> _Goal of the exercise_:
In the listing below, locate the line containing "Image of Bare" and copy it and every line after it through the end, exactly as written, leaving out any pictures.

> _Supplied records_:
______

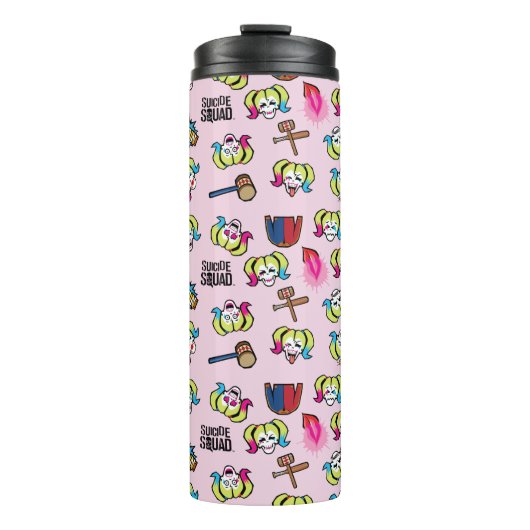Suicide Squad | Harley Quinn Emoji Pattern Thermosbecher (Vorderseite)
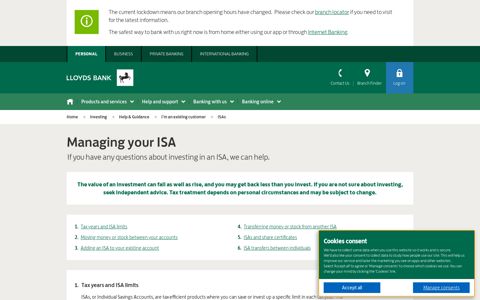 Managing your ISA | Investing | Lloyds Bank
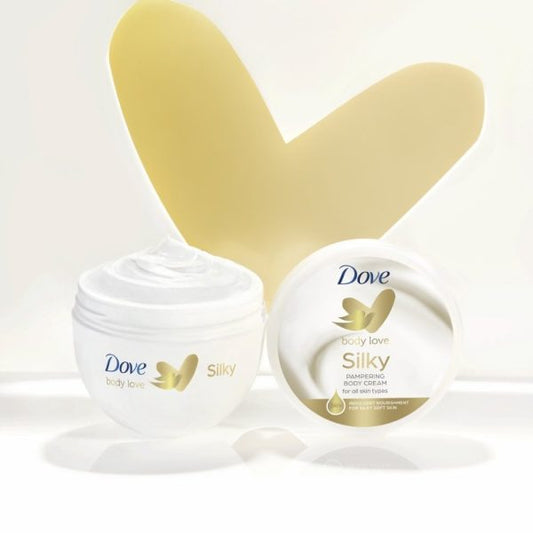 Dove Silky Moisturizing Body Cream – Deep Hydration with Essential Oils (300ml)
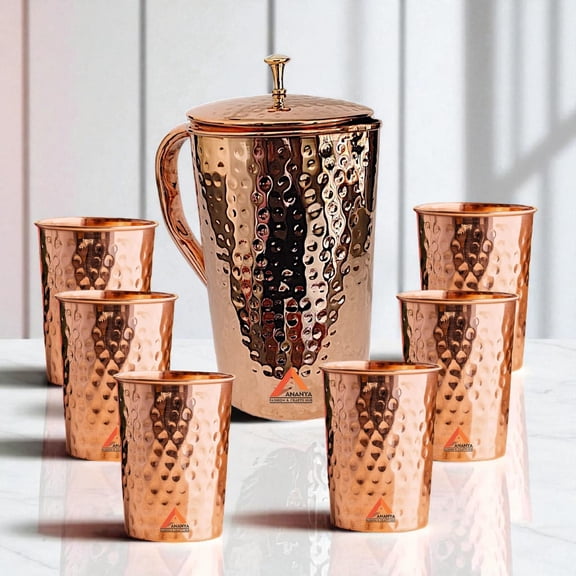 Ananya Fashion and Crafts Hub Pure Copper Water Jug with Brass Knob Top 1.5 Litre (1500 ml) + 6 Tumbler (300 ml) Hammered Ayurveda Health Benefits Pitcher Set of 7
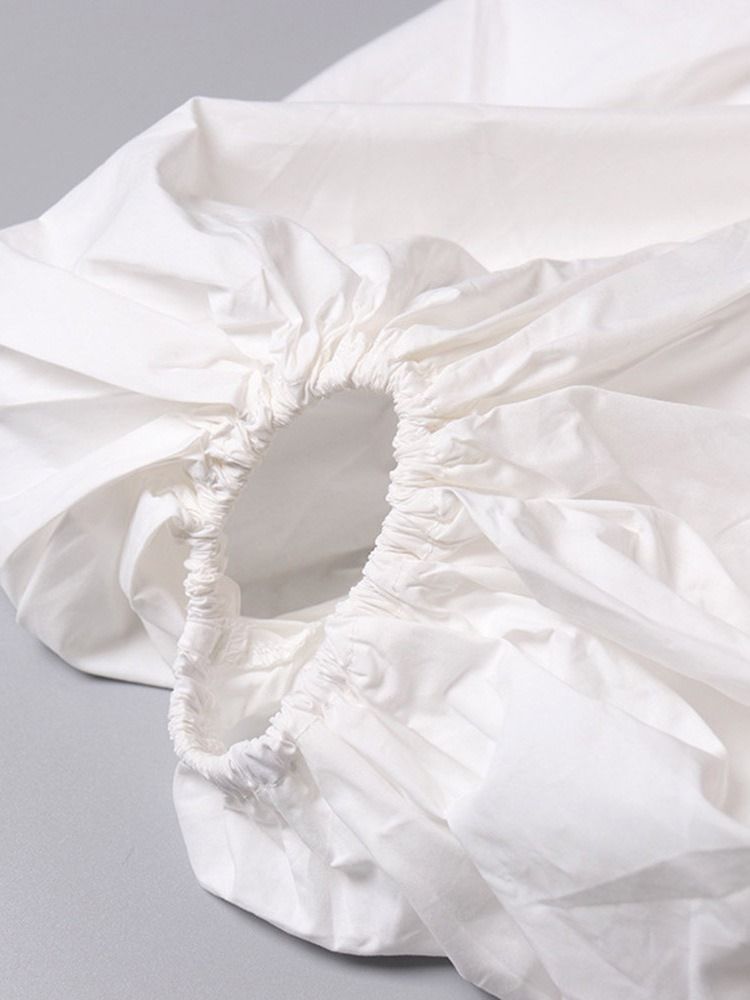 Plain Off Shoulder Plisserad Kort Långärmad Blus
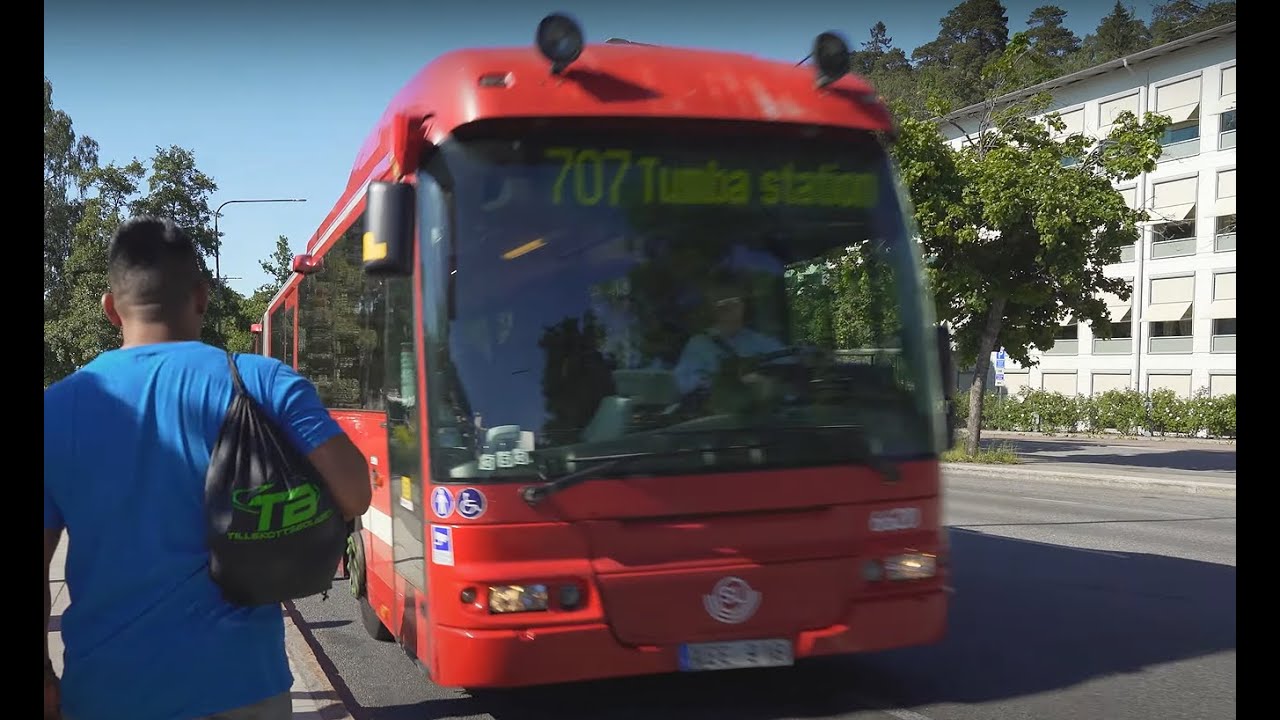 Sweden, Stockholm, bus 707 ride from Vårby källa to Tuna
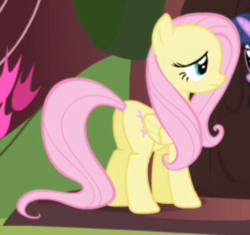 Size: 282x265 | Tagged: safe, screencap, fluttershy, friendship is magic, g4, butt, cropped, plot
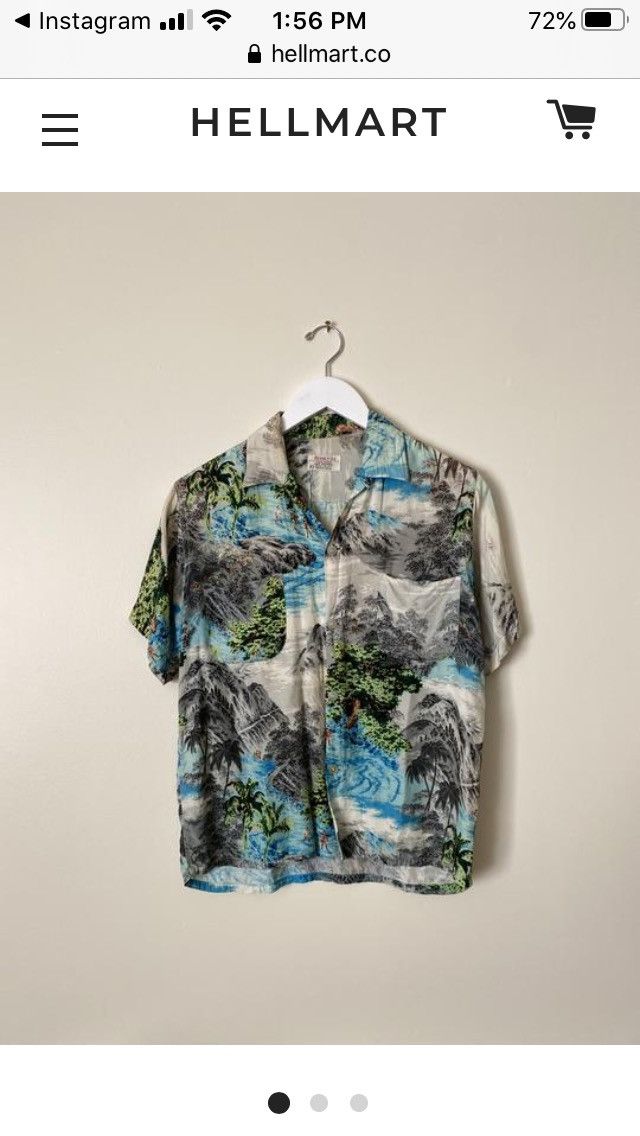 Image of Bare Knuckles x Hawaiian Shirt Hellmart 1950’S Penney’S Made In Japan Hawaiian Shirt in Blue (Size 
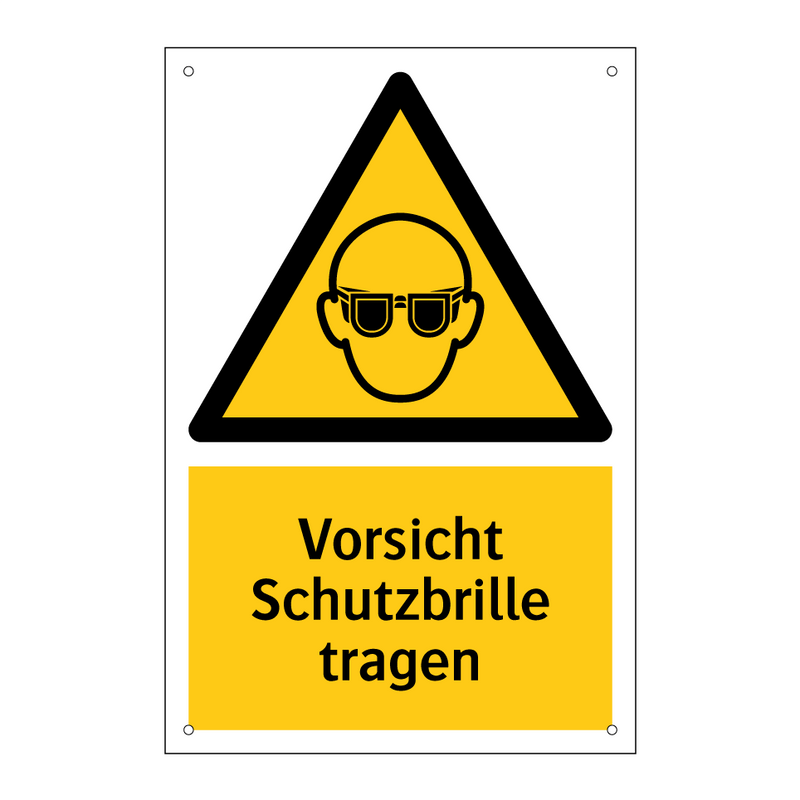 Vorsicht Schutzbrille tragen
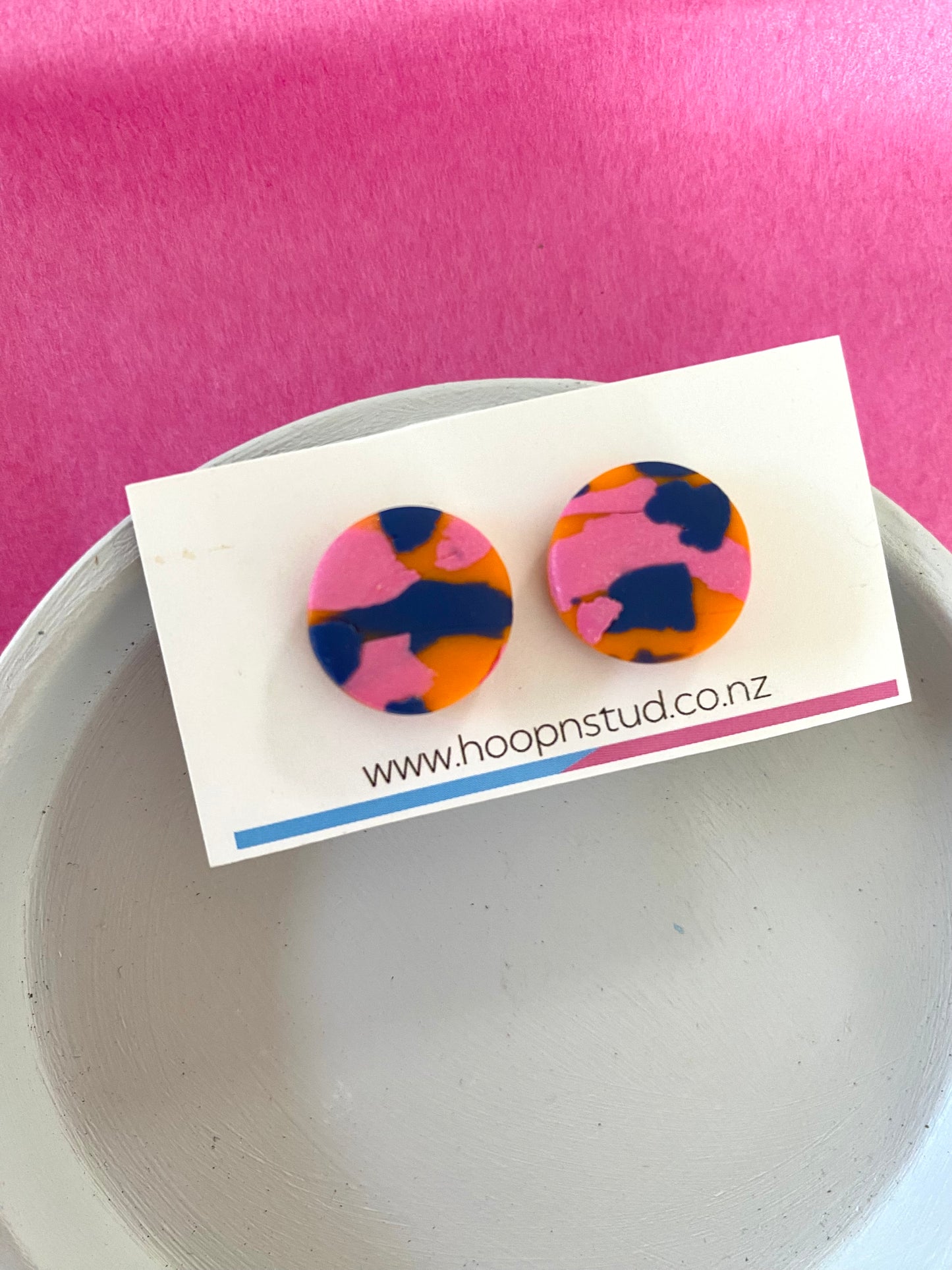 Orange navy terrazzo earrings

______

> _Answer section_:
 Image of Bare Knuckles x Hawaiian Shirt Hellmart 1950’S Penney’S Made In Japan Hawaiian Shirt in Blue (Size 
 Vorsicht Schutzbrille tragen
 Orange navy terrazzo earrings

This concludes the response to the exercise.